Brief descriptive captions:

◆ ◆ ◆ ◆ ◆ ◆ ◆

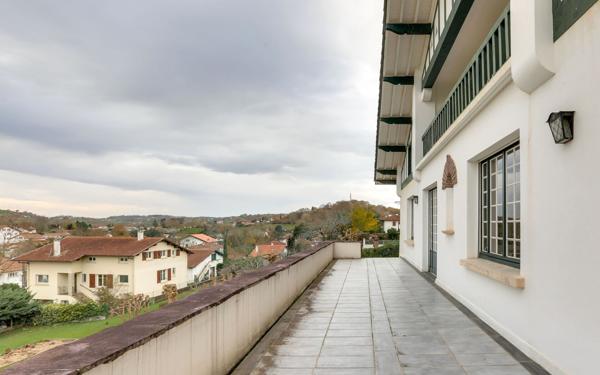 Maison à vendre    7 pièces • 211 m2 Hasparren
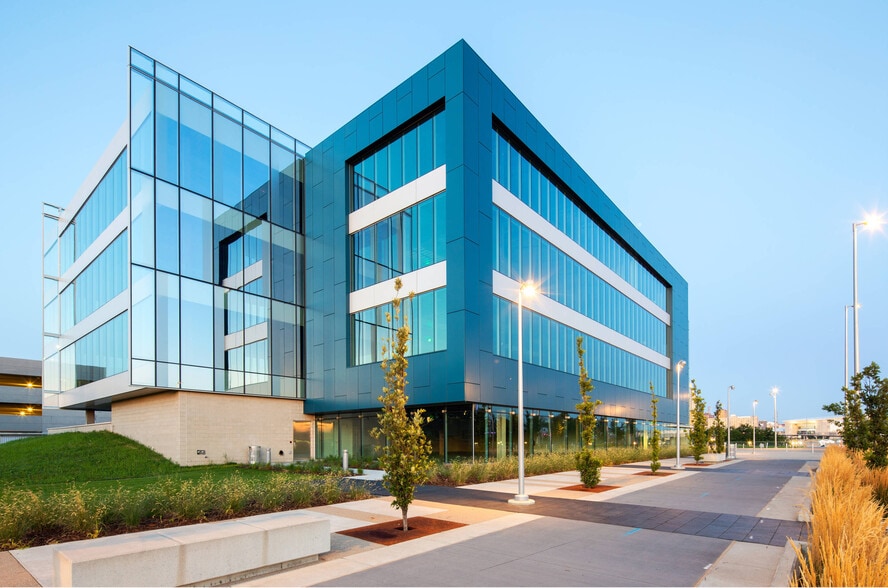 More Photos Of 4201 Rivers Edge Pky, Council Bluffs Office For Lease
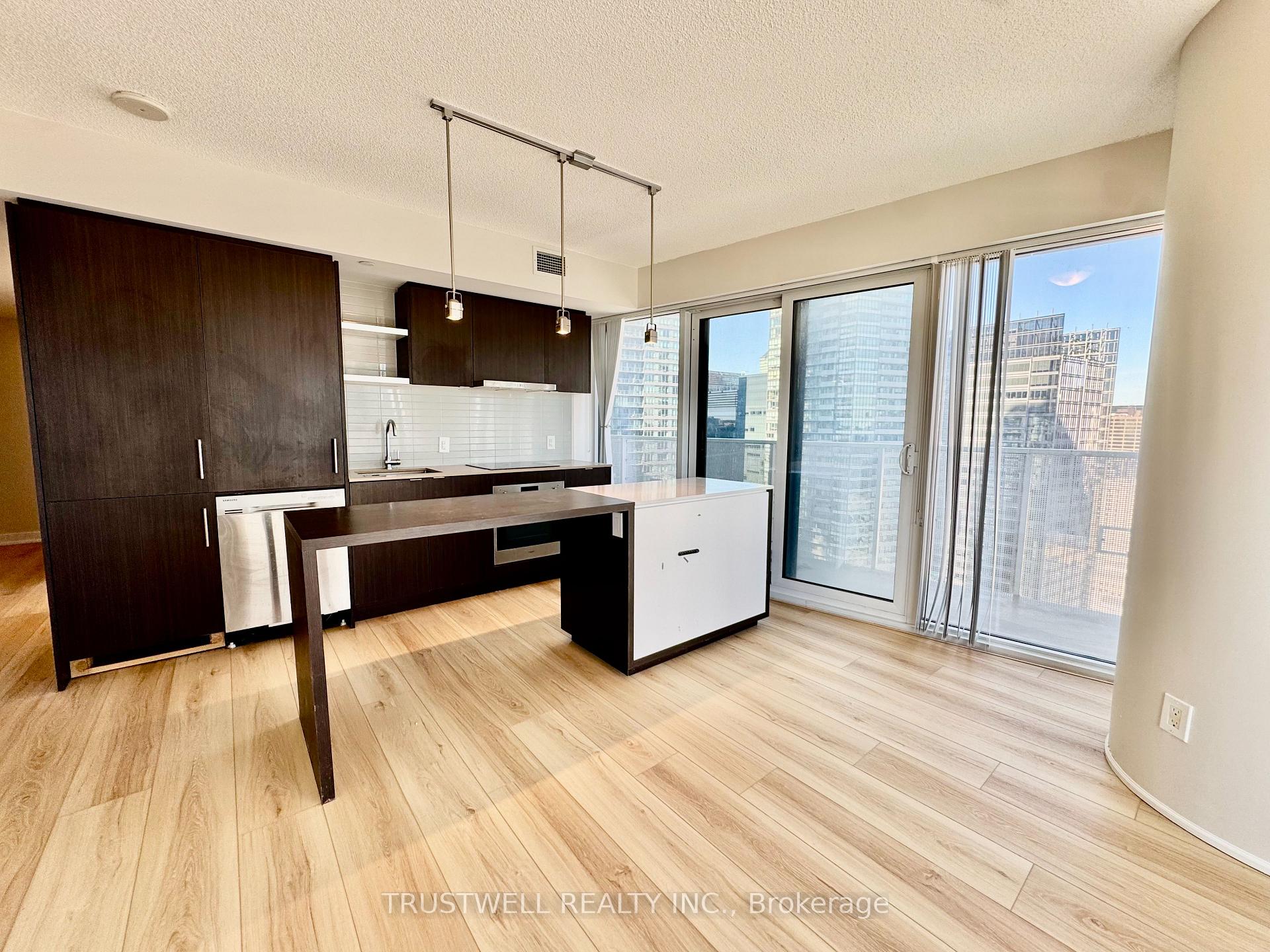 Photo 4 of Unit 3404, 88 Harbour Street, Toronto, Waterfront Communities — HOMEH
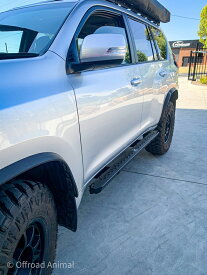 【OFFROAD ANIMAL正規品】 トヨタ プラド150 ランドクルーザープラド 150系 前期 中期 後期 平成21年9月～令和6年4月 GDJ151W TRJ150W GDJ150W GRJ150W ロックスライダー サイドステップ サイドバー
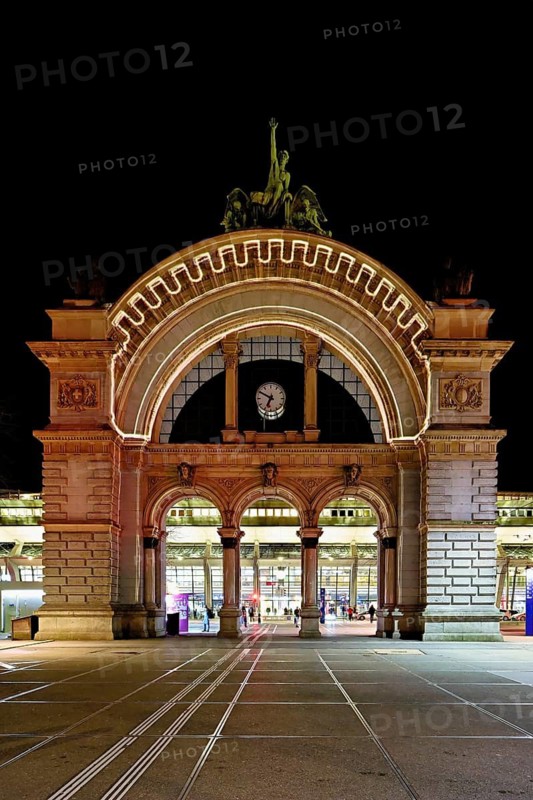 Archway on the station square, light installation at dusk, Lilu, Light Festival 2023, Lucerne, Canton of Lucerne, Switzerland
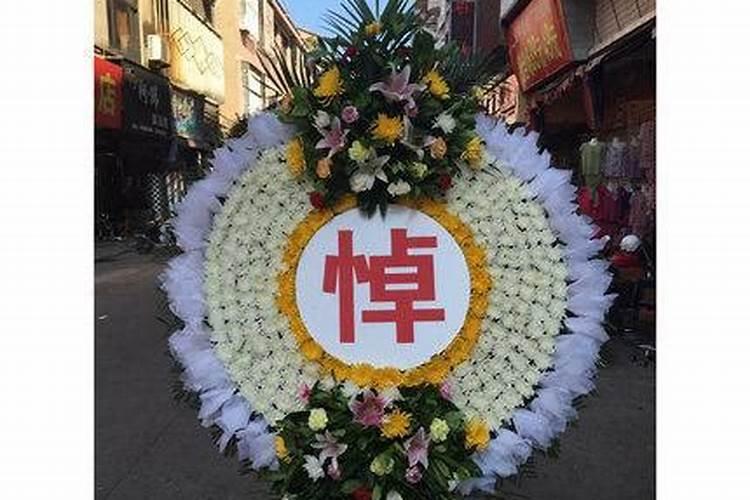 清明节祭奠亲人,坟上可以放花圈吗？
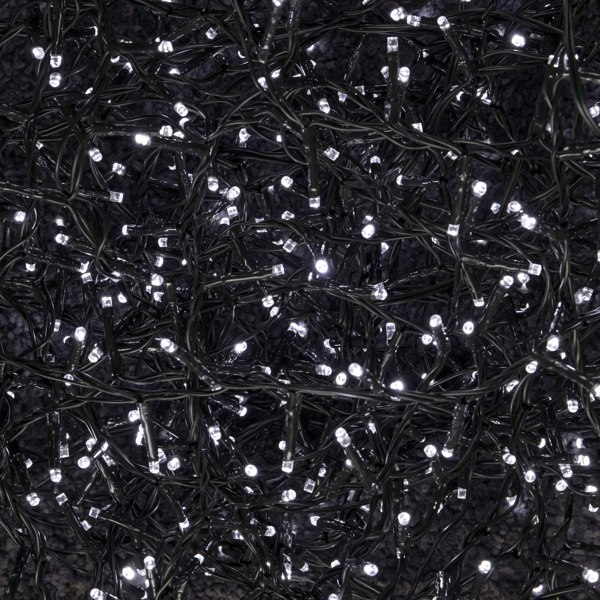 Samuel Alexander 15.5m 600 LED Colour Changing Christmas String Lights in White to Blue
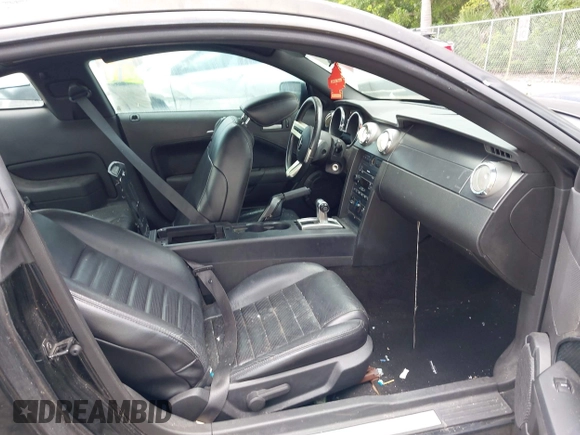 2007 Ford Mustang GT Deluxe with VIN 1ZVHT82H775289013, listed as a IAAI auction lot 42815485 with 167,390 mi miles and . Bid and sale history available at DreamBid. Image 5.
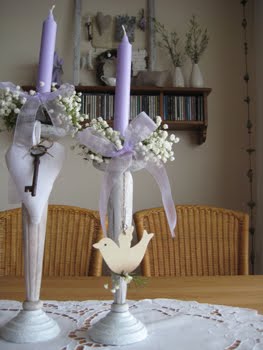 [Holzblumen_Kerzen+Regal.JPG]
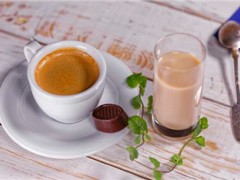 奶茶开店加盟哪个品牌比较好？奶茶开店设备需要多少费用？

◆ ◆ ◆ ◆ ◆ ◆ ◆

• _What this task involves_:
Would you transcribe, exactly and only, the lines from the one that contains "清明节祭奠亲人,坟上可以放花圈吗？" through the last line of the data above, without any pictures?

• _Answer box_:
 清明节祭奠亲人,坟上可以放花圈吗？
 Samuel Alexander 15.5m 600 LED Colour Changing Christmas String Lights in White to Blue
 2007 Ford Mustang GT Deluxe with VIN 1ZVHT82H775289013, listed as a IAAI auction lot 42815485 with 167,390 mi miles and . Bid and sale history available at DreamBid. Image 5.
 [Holzblumen_Kerzen+Regal.JPG]
 奶茶开店加盟哪个品牌比较好？奶茶开店设备需要多少费用？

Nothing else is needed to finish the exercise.